After 2009, ATQ–PG has been used to reduce artemisinin pressure in this area. In the absence of drug pressure, some resistant parasites might be less fit than their sensitive counterparts [
40]. However, after the artemisinin resistance containment project,
k13 mutations had increased significantly from 18.4 to 84.6%. Of these mutations, the
k13 C580Y allele is increasing and replacing other haplotypes along the Thai-Cambodia border indicating a selective sweep in these areas. A study of parasites collected in 2007 found that 50% (11/22) of parasites from Chanthaburi and Trat Provinces contained the
k13 mutations [
41]. Of these, 45.5% (10/22) contained the
k13 580Y allele indicating that parasites with the
k13 580Y allele spread widely before the artemisinin resistance containment project. Recent studies indicated that the parasites with the
k13 580Y allele arose in western Cambodia and then spread to other countries in the western Great Mekong Subregion including Thailand, Lao PDR and Vietnam [
12,
41‐
43]. Thus, sensitive parasites might not compete with the main haplotype, the
k13 580Y allele. One other factor that might influence the spread of artemisinin resistance in these areas is cross-board migration.
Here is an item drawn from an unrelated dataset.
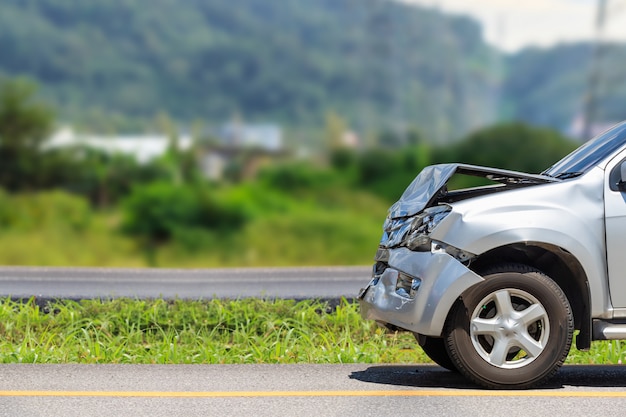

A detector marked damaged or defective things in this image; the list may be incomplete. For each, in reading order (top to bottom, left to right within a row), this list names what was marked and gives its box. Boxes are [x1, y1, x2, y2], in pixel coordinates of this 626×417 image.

crumpled hood [386, 162, 556, 218]
broken headlight [402, 203, 450, 249]
damaged front bumper [356, 247, 482, 334]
Approximately one half of malaria cases in Thailand were foreign migrant workers [
2]. As part of the artemisinin resistance containment project in Thailand, AS–MQ has been replaced by ATQ–PG to reduce artemisinin pressure in Chanthaburi and Trat provinces, Thailand which has been implemented since 2009. However, ACT remains the first-line treatment for uncomplicated falciparum malaria in Cambodia [
38]. Thus, artemisinin pressure in these areas might not be effectively reduced. In addition, different policies and implementation of primaquine, as a
P. falciparum gametocytocide, may influence the spreading of artemisinin resistance along Thai–Cambodian border [
44,
45].
DHA-PPQ was used as the first-line drug for multidrug-resistant falciparum malaria in Cambodia [
46]. Unfortunately, treatment failure of DHA-PPQ was promptly reported possibly due to the existing resistant parasites because PPQ monotherapy was used in Cambodia in the 1990s [
47]. A few studies showed a link between the
pfmdr1 copy number and PPQ sensitivity [
48‐
50]. However, no significant difference of PPQ IC
50 between the parasites with one and more than
pfmdr1 copy number was found in the present study (18.8 ± 6.3 and 22.9 ± 13.3,
p = 0.078, Independent
t test) similar to the recent study using parasites collected from both Thai–Myanmar and Thai–Cambodian border areas [
51]. Genetic markers for PPQ resistance including nonsynonymous SNP encoding a Glu415Gly mutation in a putative exonuclease (exo-E415G) and plasmepsin 2–3 amplification have been identified [
52,
53]. Both in vitro PPQ sensitivity and ring survival assay were used to identify the association between PPQ resistance and these genes. Treatment failure of DHA-PPQ in Cambodia has been associated with parasites containing the
k13 mutations and multiple plasmepsin 2 copy [
53]. Recent studies have shown that parasites with the
k13 580Y allele and plasmepsin 2 amplification have emerged and spread widely in the western Mekong Basin Subregion causing DHA-PPQ treatment failure [
42,
43]. In the present study, the parasites containing the
k13 580Y alleles exhibited significant higher PPQ IC
50 compared with the others. This could be explained by parasites with the 580Y allele acquiring reduced PPQ susceptibility in this area. Unfortunately, other genetic markers for PPQ resistance including exo-E415G and plasmepsin 2–3 amplification were not determined in our study.